El hombre que supo reinar

No es casual que Anjelica Huston tarde sólo un par de páginas de su autobiografía en hacer un retrato benévolo de su padre. «En el transcurso de los años», dice, «he oído decir que era un donjuán, un bebedor empedernido, un jugador, un machote, más interesado en la caza mayor que en rodar. Es cierto que era derrochador y dogmático. Pero era un hombre complejo, autodidacta en gran medida y muy leído (...) Amaba asombrarse ante la vida». Los claroscuros de la personalidad «bigger than life» de John Huston sobrevuelan, aunque sea de un modo oblicuo, sus memorias. Anjelica Huston tenía 14 años cuando una víspera de Nochebuena bailó en la sala de estar con unos cuantos invitados a la mansión de St.
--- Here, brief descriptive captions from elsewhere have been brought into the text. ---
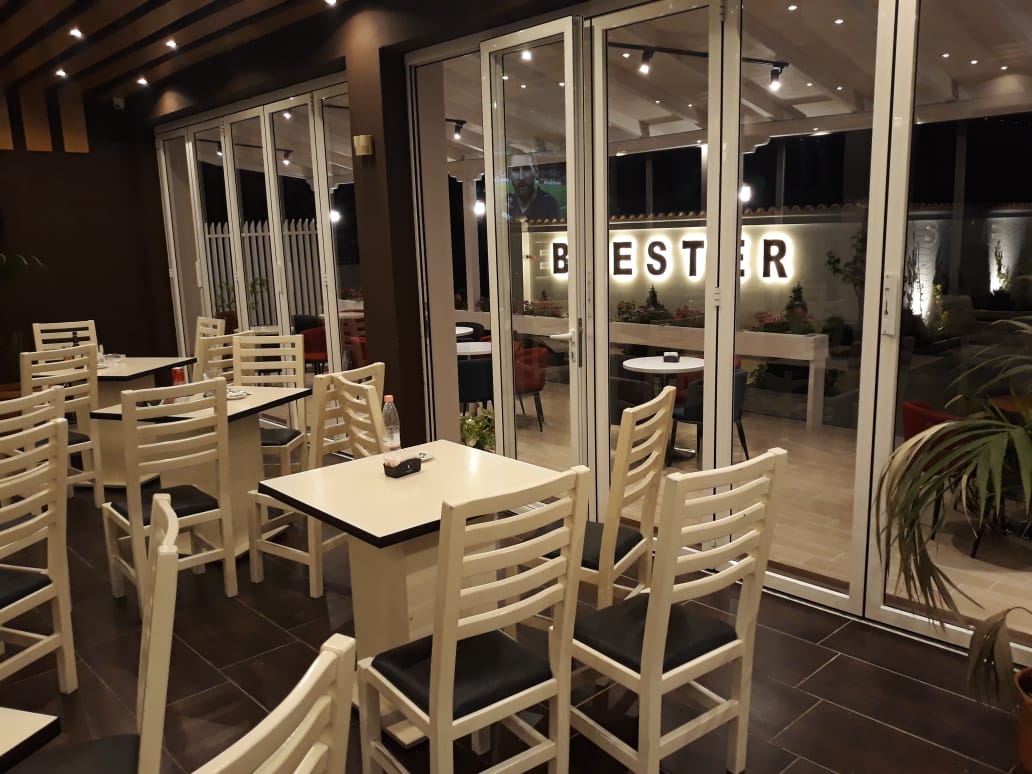 Blester Travel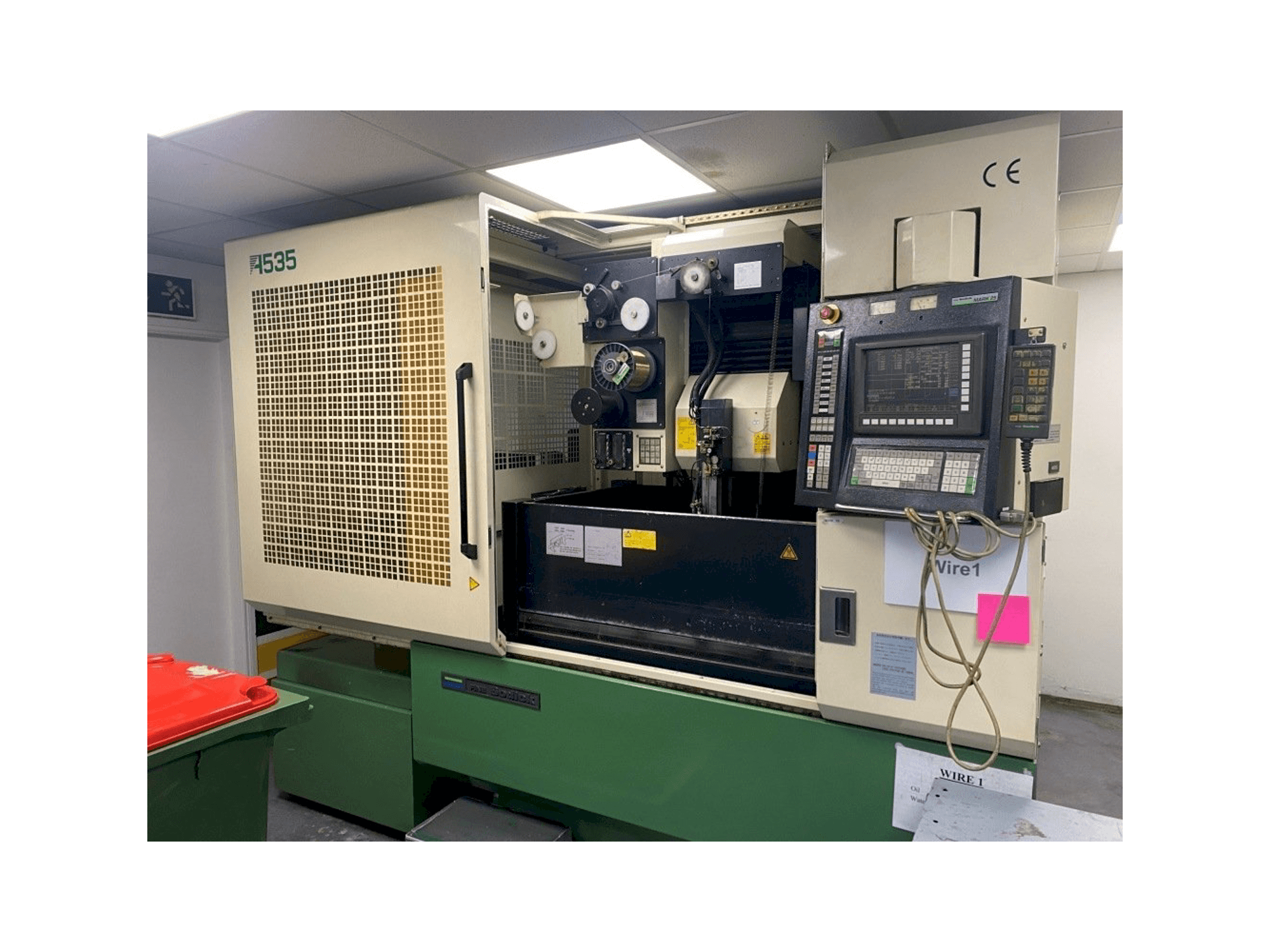 Čelní pohled na Sodick A535 stroj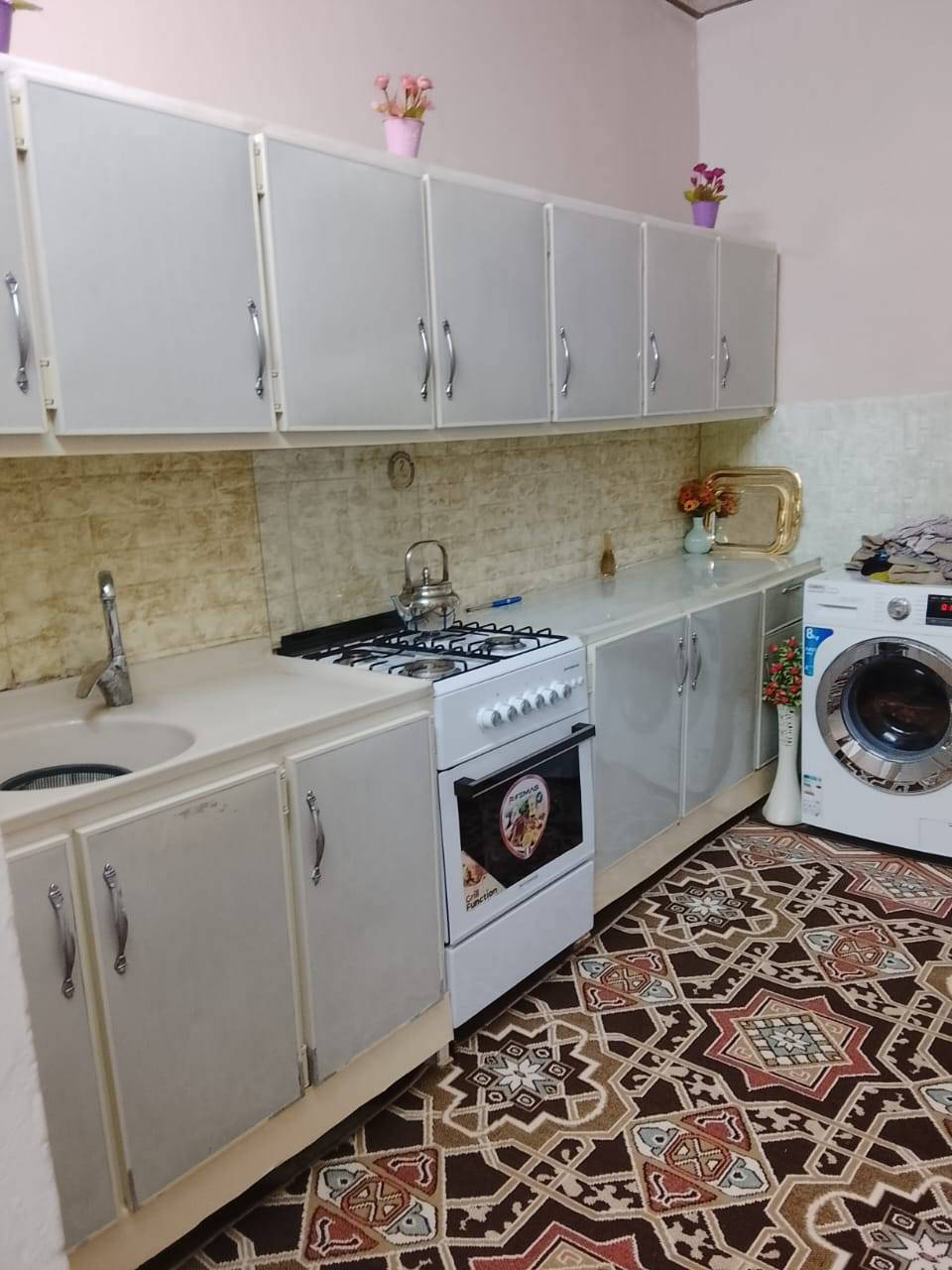 ...﷽ ...
خانوو بۆ فرۆشتن
ڕووبەری ٦٥مەترە 
نونیشان /حمەی کەریم ( سیروان نزیک مزگەوتی ابوبکری صدیق ) .
لە دوو ژوور و متبخ و حمام و wc  لەگەڵ ڕوورێک لەسەرەوە و حەوشەیەکی بچووک پێک هاتووە .
نرخی گونجاوە 190وەرەقەو کەمێ مەجال .
-------------------------
بۆ زانینی نرخ و زانیاری زیاتر یوەندی بکەن بەم ژمارەیەوە .
📠  ***********
،،،،،،،،،،،،،،،،،،٫٫٫٫٫٫٫٫٫٫٫٫٫٫٫،،،،،،،،،،،،،،
👈هەر بەڕێزێک خانوو شووقە و زەوی و باخی هەیە و ئەیفرۆشێت چەند وێنەیەکی بنێرە بۆمان پۆستی دەکەین بێبەرام بەر .
نوسینگەی هاوکار👇
📠 ***********
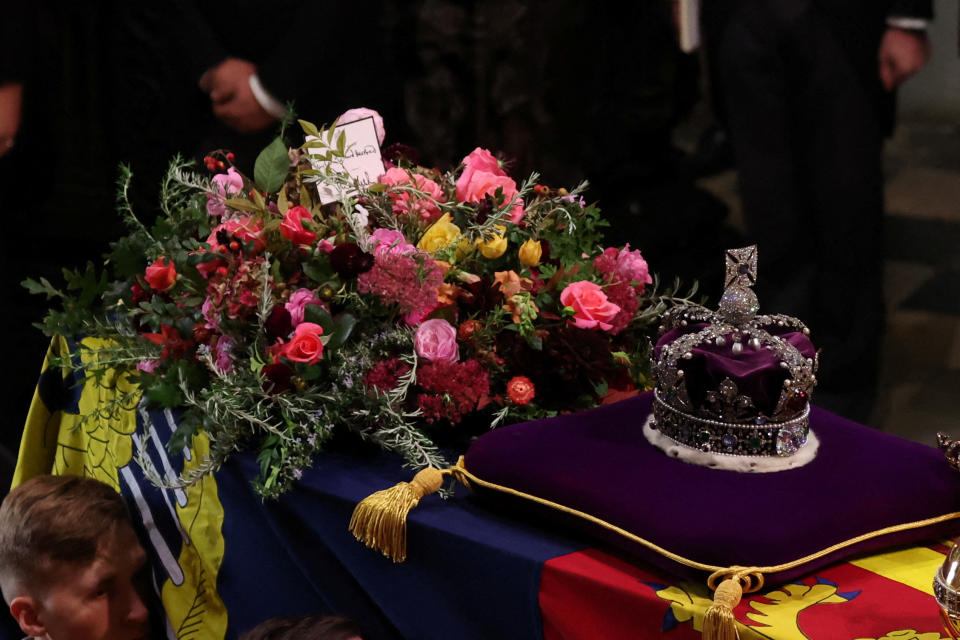 A Bearer Party of The Queen's Company, 1st Battalion Grenadier Guards carries the coffin of Queen Elizabeth II, draped in the Royal Standard, into Westminster Abbey in London on September 19, 2022, ahead of the State Funeral Service. - Leaders from around the world will attend the state funeral of Queen Elizabeth II. The country's longest-serving monarch, who died aged 96 after 70 years on the throne, will be honoured with a state funeral on Monday morning at Westminster Abbey. (Photo by PHIL NOBLE / POOL / AFP) (Photo by PHIL NOBLE/POOL/AFP via Getty Images)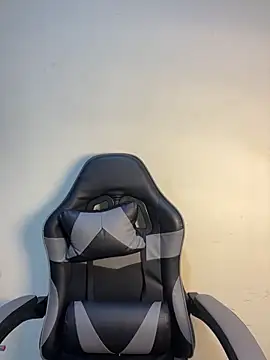 Vliacoooper2 online show from October 2025 06:01:01 AM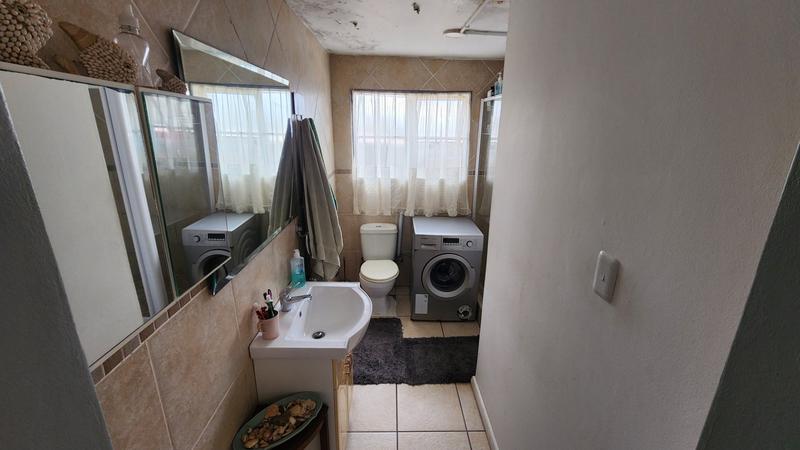 6 Bedroom Property for Sale in Paradise Beach Eastern Cape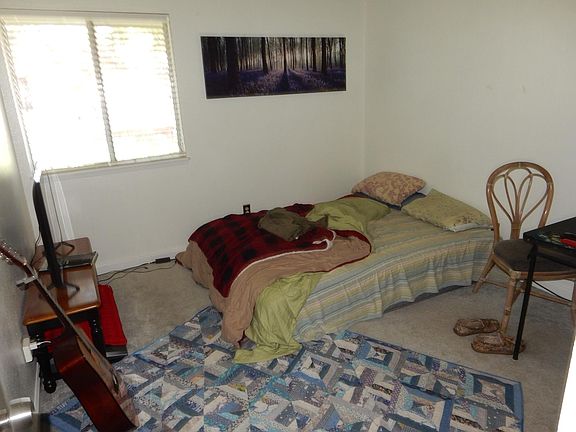 3rd image of 6135 Ridgeview Dr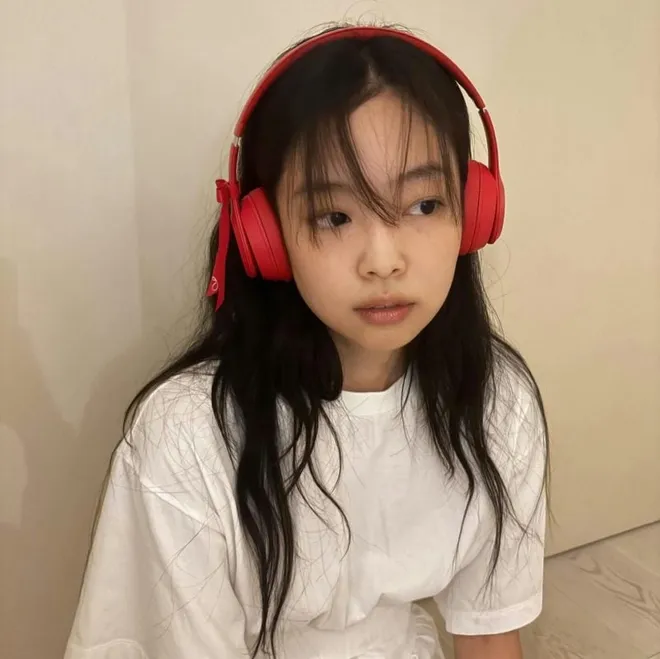 Hình ảnh mặt mộc của Jennie (BLACKPINK) gây sốt - Ảnh 1.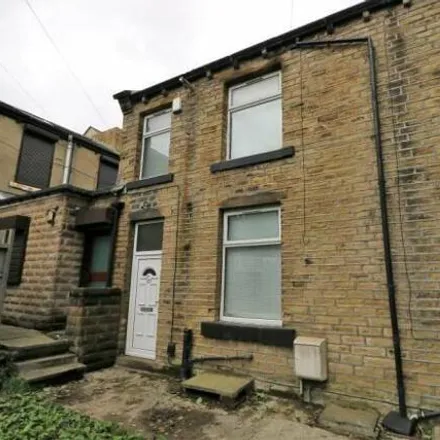 Buy this 2 bed townhouse on Bradford Road in Huddersfield, HD1 6EW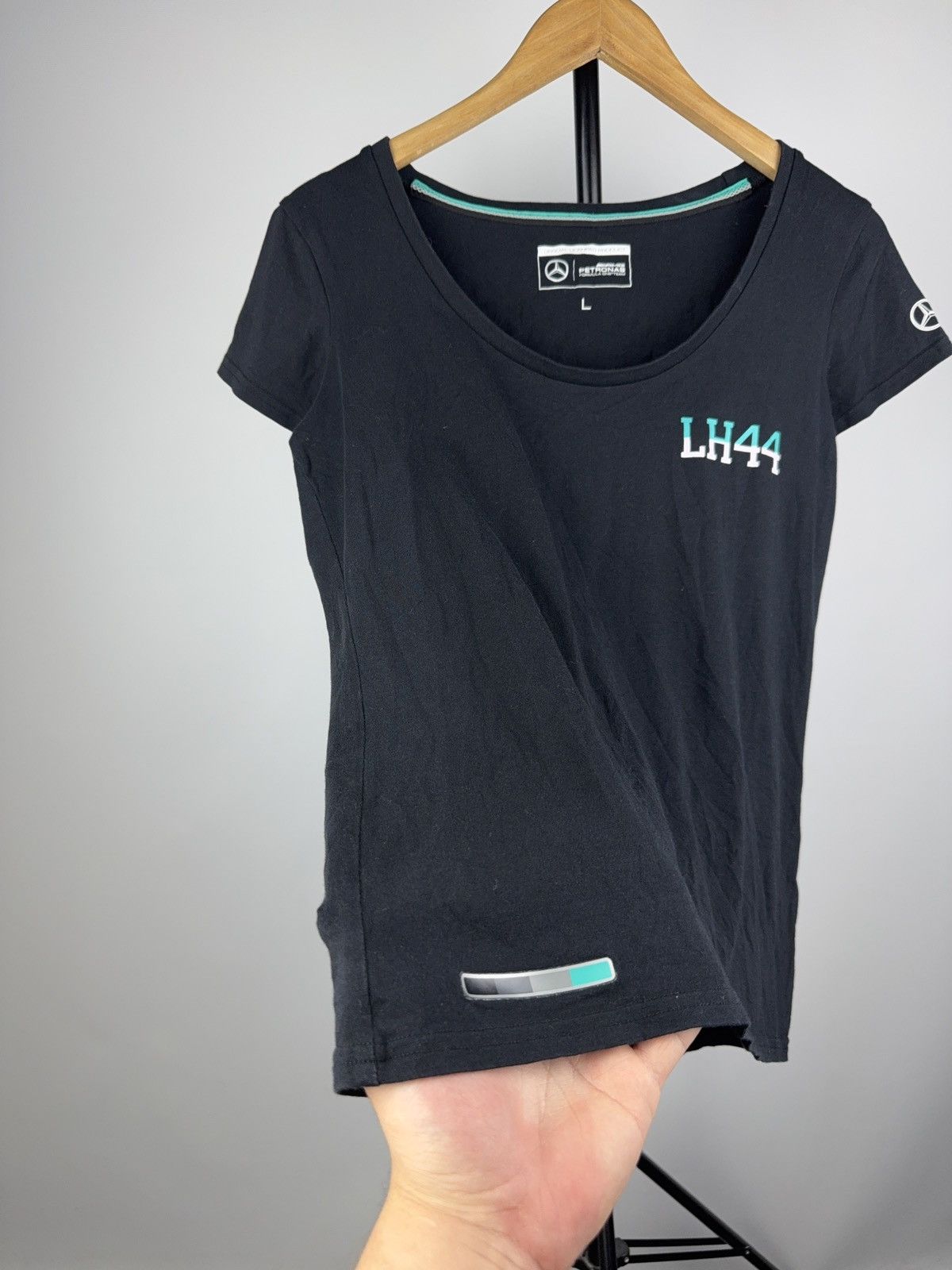 Mercedes-Benz Rare Racing 00s Mercedes LH44 Hamilton Petronas AMG t shirt Size L / US 10 / IT 46 - 3 Thumbnail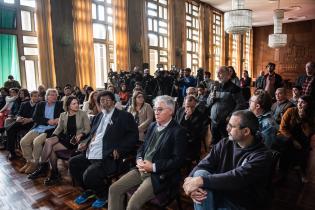 Conferencia de prensa por medidas para la cultura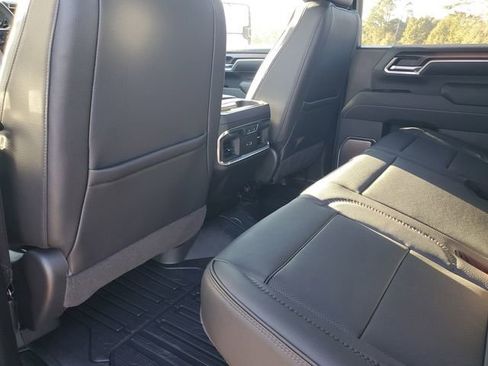 New 2026 GMC Sierra 3500 Denali w/ Denali Reserve Package image 22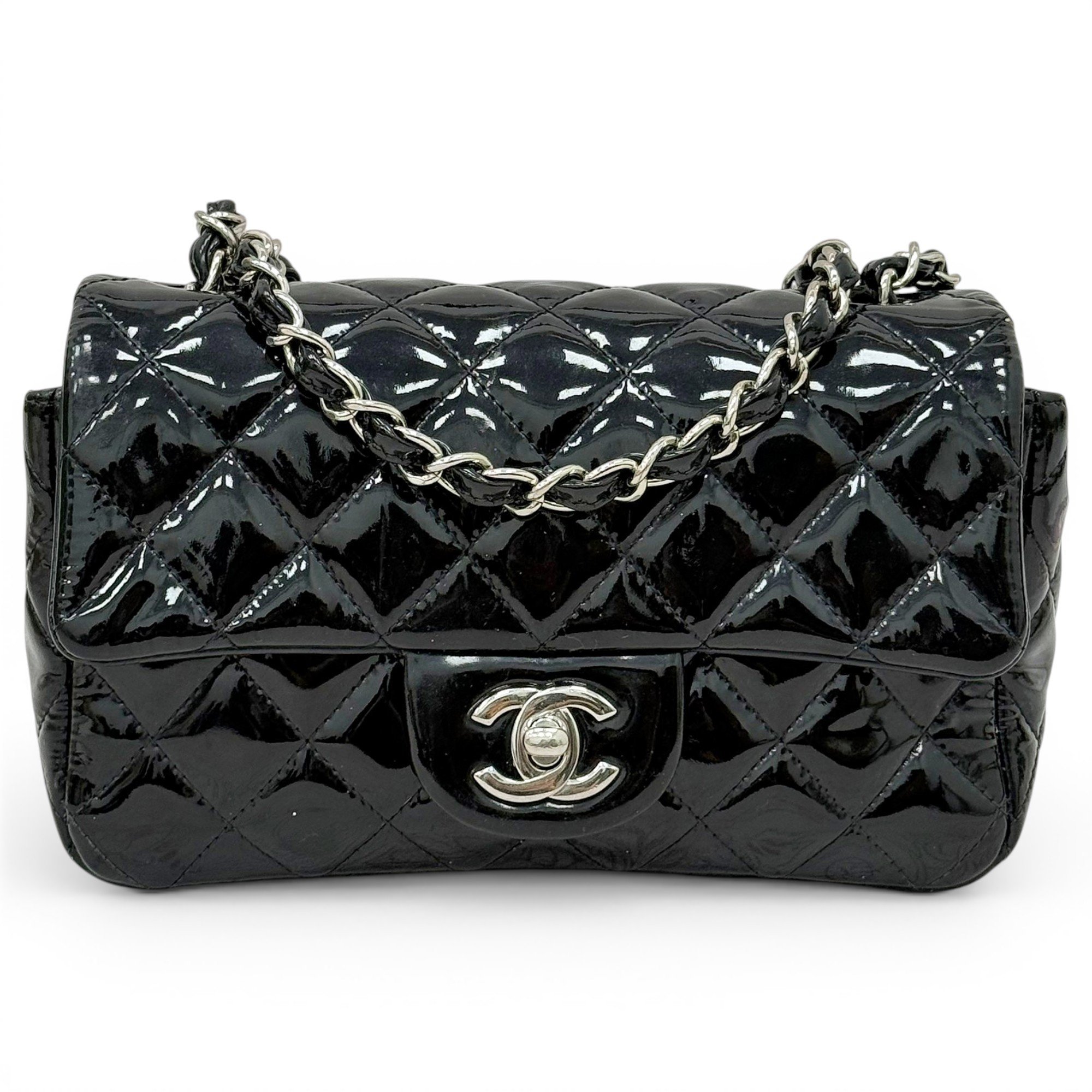 Timeless/Classique patent leather handbag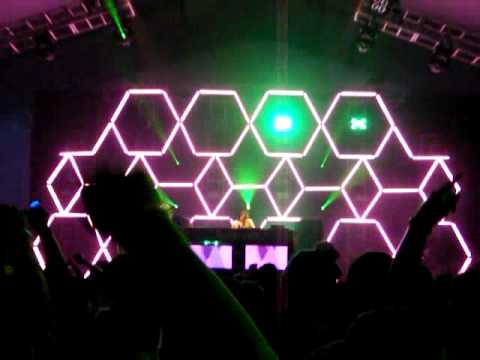 Wippenberg @ Beyond Wonderland 2010(Pt.3)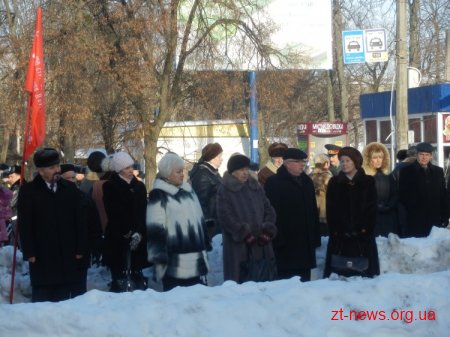 У Житомирі відбулось покладання квітів з нагоди 69-ї річниці визволення Житомира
Clarens. Al día siguiente, su padre la mandó llamar a su habitación, hecho excepcional que presagiaba tormenta. Cuando la tuvo delante le dijo: «Sé que anoche estuviste meneando las cachas». La chica le preguntó a qué se refería con las «cachas». Le cayó una bofetada monumental, dejaron de hablarse durante un tiempo. Anjelica asegura que no era el comportamiento habitual de su padre, aunque sí tiene rasgos de tiranía en los rodajes, donde rompía a gritos a la mínima incompetencia («No toleraba la cobardía», escribe). Es lógico que, cuando John Huston se empeñó en que protagonizara «Paseo por el amor y la muerte», su hija se resistiera. Su relación era ambivalente: las cartas que le enviaba eran cariñosas, pero había algo en él que despertaba su temor. Por el contrario, él sabía que, aunque podía canalizar sus instintos, «era impulsiva y obstinada y no tenía el menor interés en seguir sus consejos». Las críticas al trabajo de Anjelica fueron tan devastadoras como las que recibió Sofia Coppola en «El Padrino III». «Trabajar con papá no fue una experiencia que deseara repetir, de modo que decidí dejarlo por un tiempo», admite. Casi dos décadas después, la actriz ganó el Oscar a la mejor secundaria por «El honor de los Prizzi», la película que la reconcilió con su padre en los platós. Aún le regalaría un grandioso trabajo en «Dublineses», que Huston dirigió en silla de ruedas y con respiración asistida.